What the exercise asks: Repeat the data below in full. Pictures must not be part of the copy.

Data provided Start Marker

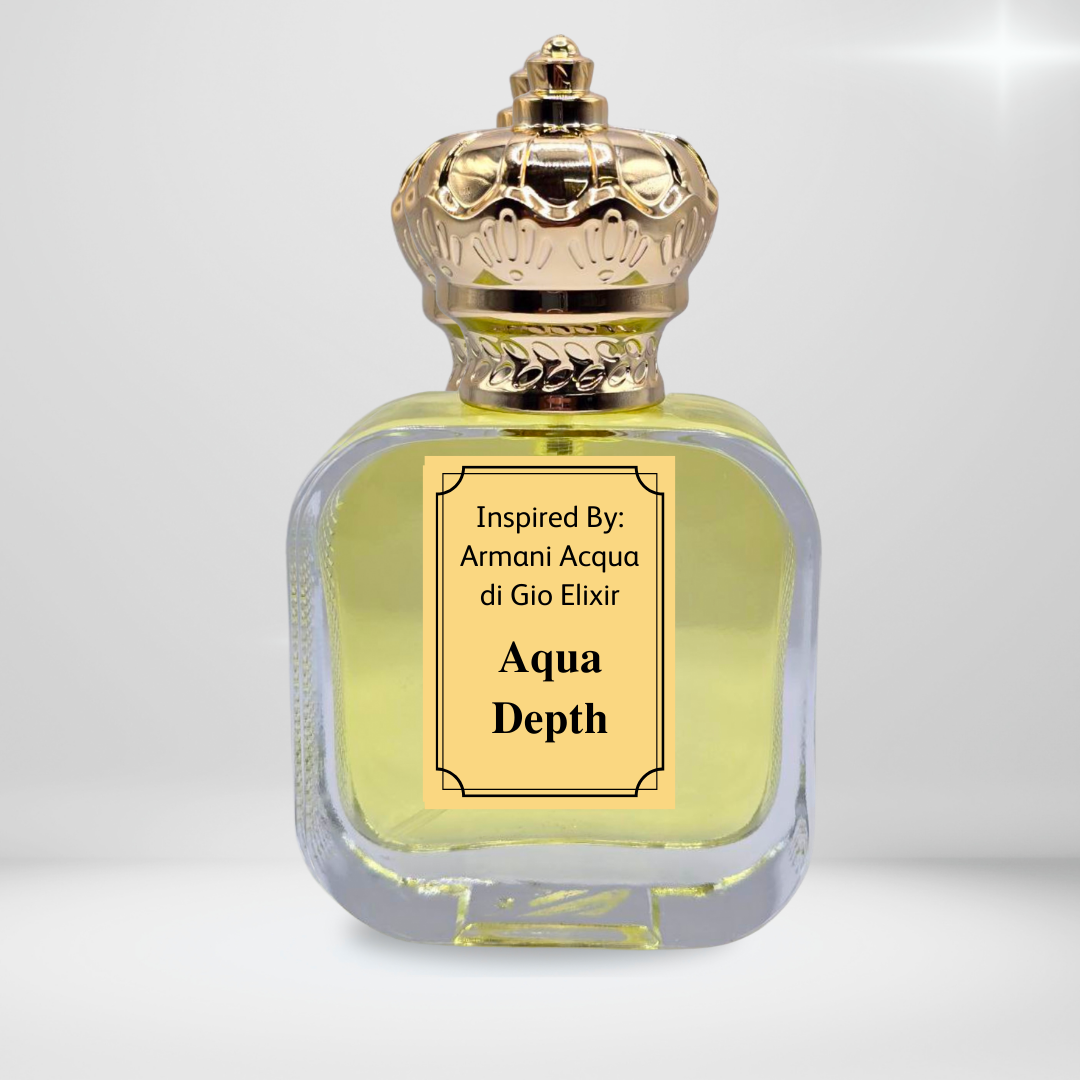 Experience Aqua Depth, inspired by Armani Acqua di Giò Elixir, with notes of marine salt, incense, and mandarin. A bold, long-lasting deep-sea fragrance.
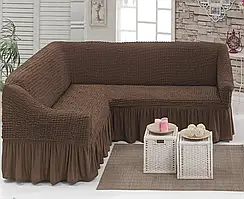 Чохол на кутовий диван з оборкою, накидка на диван.
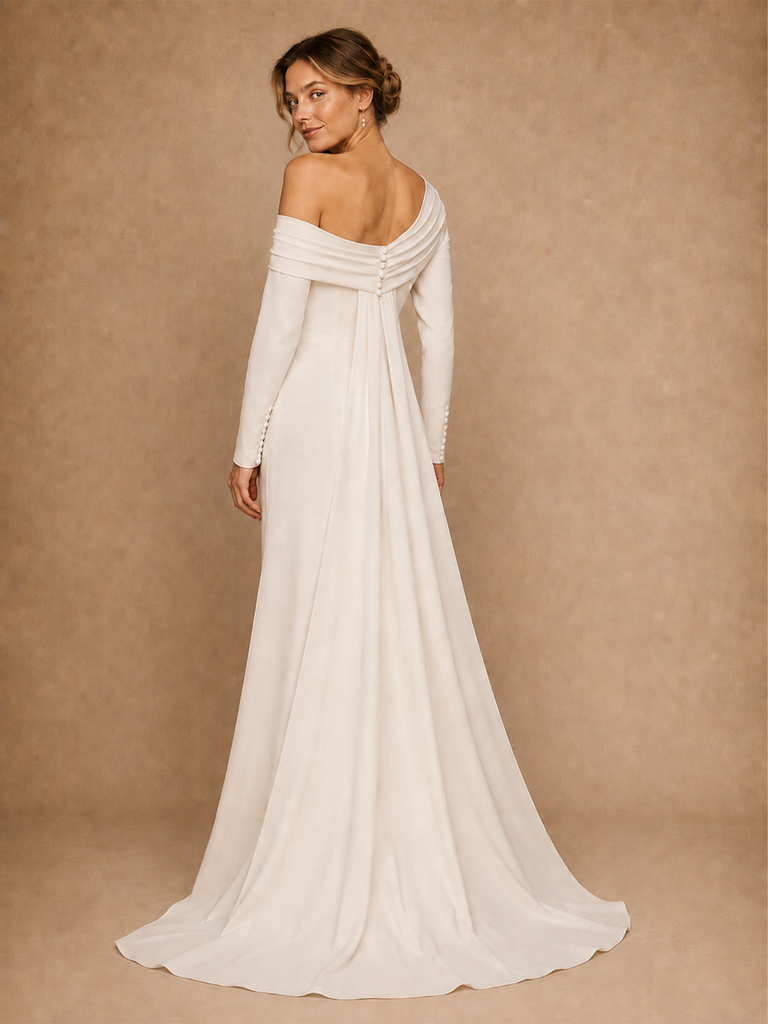 ChicSew Fancy Asymmetric Long Sleeves Ruching Crepe Mermaid Long Wedding Dress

Data provided End Marker

Exercise response:
 Experience Aqua Depth, inspired by Armani Acqua di Giò Elixir, with notes of marine salt, incense, and mandarin. A bold, long-lasting deep-sea fragrance.
 Чохол на кутовий диван з оборкою, накидка на диван.
 ChicSew Fancy Asymmetric Long Sleeves Ruching Crepe Mermaid Long Wedding Dress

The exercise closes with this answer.